Enhance Text Handling Capabilities
In this post, we’ll examine the text handling capabilities of the .NET Framework. We’ll review three major objectives of 70-536:
- StringBuilder class
- Regular Expressions
- Encoding and Decoding text
Strings in the .NET Framework are immutable. Memorize it, immutable. They cannot be altered. Instead, every time you modify a string a new instance of String is created with the new value, and the pointer will be assigned to the memory location of your new string. So when you need to dynamically build strings (for example, adding it line by line), you should use the StringBuilder class.
StringBuilder lives in System.Text, and you can initialize it by passing a desired capacity as an integer, or a starting string. Note that the StringWriter class also uses StringBuilder as a container.
StringBuilder has the following methods:
|The Methods of StringBuilder|
|Append||Appends the specified value (has overloads for most value types) or object to the string.|
|AppendFormat||Appends a formatted string to the stringbuilder.|
|AppendLine||Appends a new line to the stringbuilder.|
|CopyTo||Copies the content of the stringbuilder into a char array.|
|EnsureCapacity||Guarantees a minimal capacity to the strinbuilder instance.|
|Insert||Inserts a value or an object into the specified position.|
|Remove||Removes the specified section from the stringbuilder.|
|Replace||Replaces occurrences of a char or a string with the specified value.|
That’s for the StringBuilder. Use it, love it. Now head forward to Regular Expressions.
First I must confess that I don’t know a damn thing about how to write a regular expression and I never used them. For those who are still reading me: I’ll cover the classes which work with regular expressions. The ability to write a regular expressions (from here Regex) is certainly good when you are taking the exam, but it isn’t an objective. When dealing with Regex on the exam, try to spot string errors in them (for example, Regex uses a great deal of escape characters “\”, when there’s no @ character before the Regex pattern string, these escape characters must be duplicated.
The classes of Regex live in the System.Text.RegularExpressions namespace. The main class here is (what a coincidence!) Regex.
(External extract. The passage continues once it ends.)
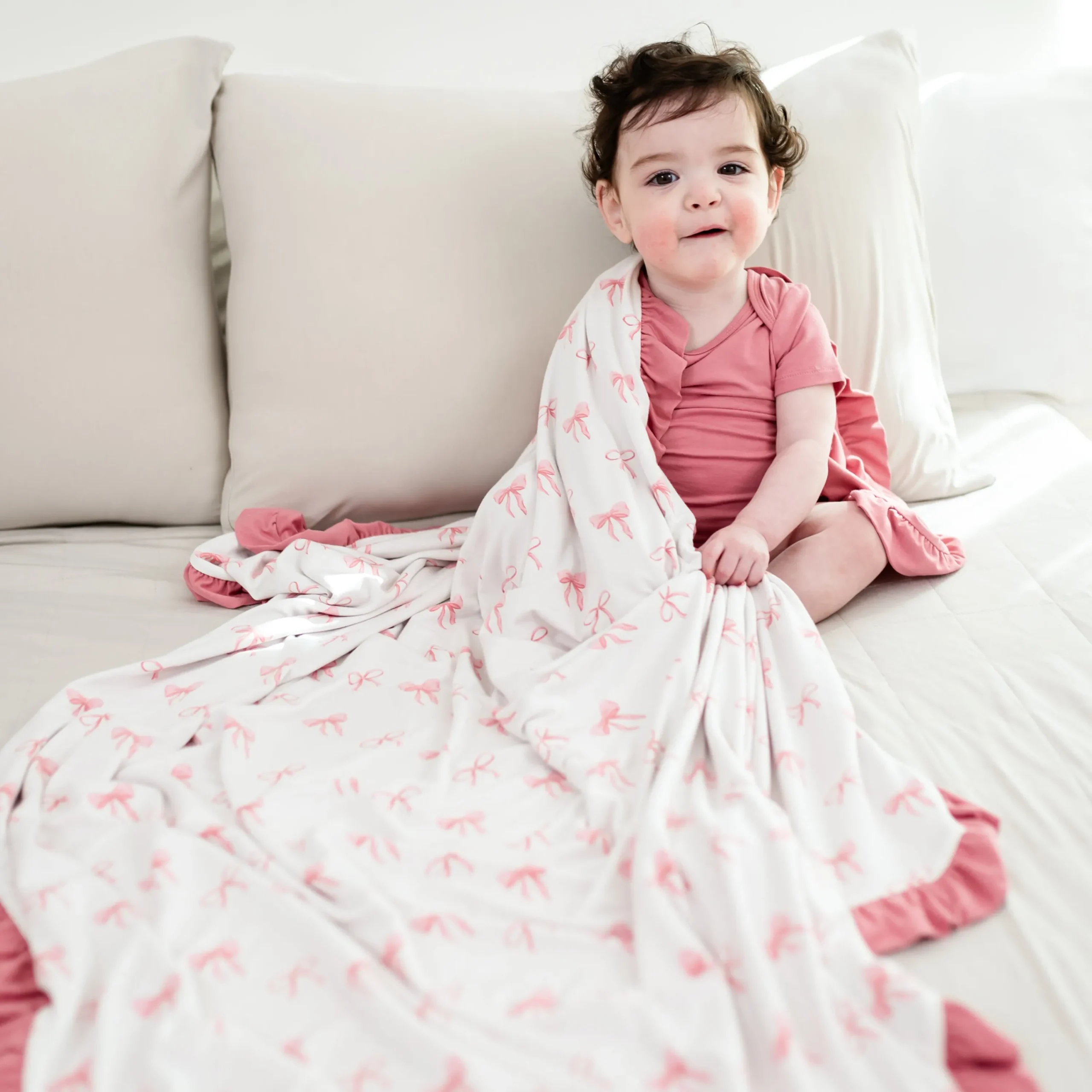 Kyte Baby Ruffle Toddler Blanket in 0.5 Bow Online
It has static and instance methods, let’s take a glance at both of them.
|Static Methods of Regex|
|IsMatch(string input, string pattern)||Returns a Boolean value whether or not a string matches the specified Regex pattern.|
|Match||Returns the first found occurrence in a given string as an instance of the Match class.|
|Matches||Returns a strongly-typed collection of Match classes, all occurrences.|
|Replace||Replaces occurrences in a string to the specified value.|
|Split||Splits the string into an array of strings.|
The instance methods differ from the static in the following ways:
- You don’t have to include the pattern, because you’ll do so in the constructor.
- You don’t have to include a RegexOptions enumeration, do it in the constructor.
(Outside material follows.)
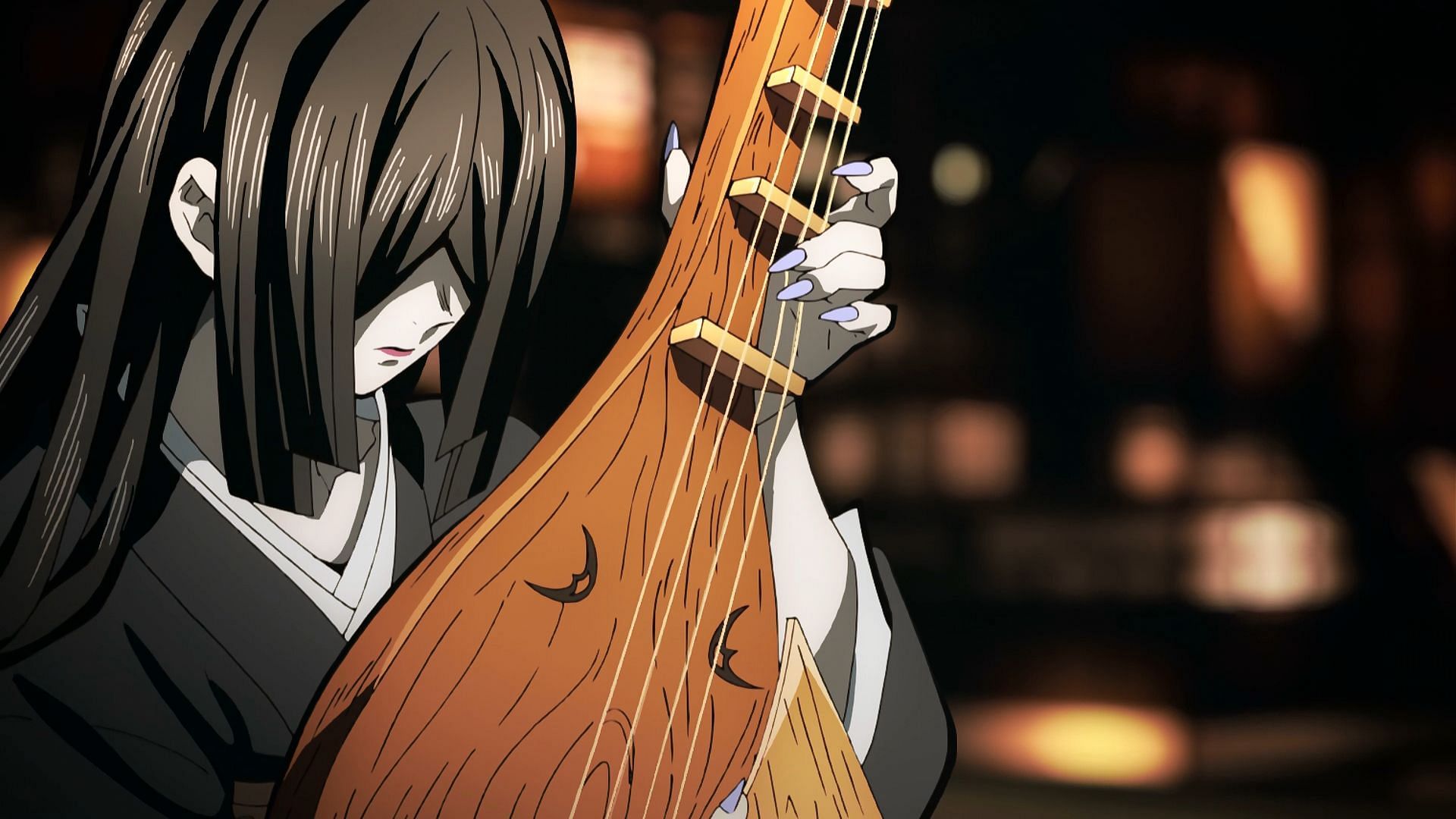 Nakime, the Biwa-playing demon in the Demon Slayer series (Image via Ufotable)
That’s all I think. Now the members of the RegexOptions enumeration: CultureInvariant, IgnoreCase Multiline, Singleline. Of cours, there are more of them. Refer to MSDN for the full list.
The last objective is encoding and decoding text. The most important encoding formats the .NET Framework supports are as follows:
- ASCII encoding: encodes the characters of the Latin alphabet as 7 bit ASCII characters. You should use this class only for backward compatibility.
- UTF-8 encoding: uses 8-bit, 16-bit, 24-bit and up to 32-bit to encode. Provides compatibility for ASCII. Supports most languages.
- UTF-16 encoding: uses 16-bit integers to represent Unicode characters.
- UTF-32 encoding: uses 32-bit integers.
Encoding classes are good when you’re dealing with relatively small amount of information. When this is not the case, you should call their GetEncoder or GetDecoder methods, which returns the appropriate Encoder or Decoder class. These classes are only capable of encoding or decoding, but they are more efficient in that than the Encoding classes. They use the following methods:
- GetBytes: encodes a set of characters (strings) into the specified format.
- GetByteCount: returns the number of bytes in a given text.
- GetChars: decodes a set of bytes into a text.
- GetCharCount: returns the number of characters in a given byte array.
- GetString (Encoding-only): returns the content of a byte array in string format.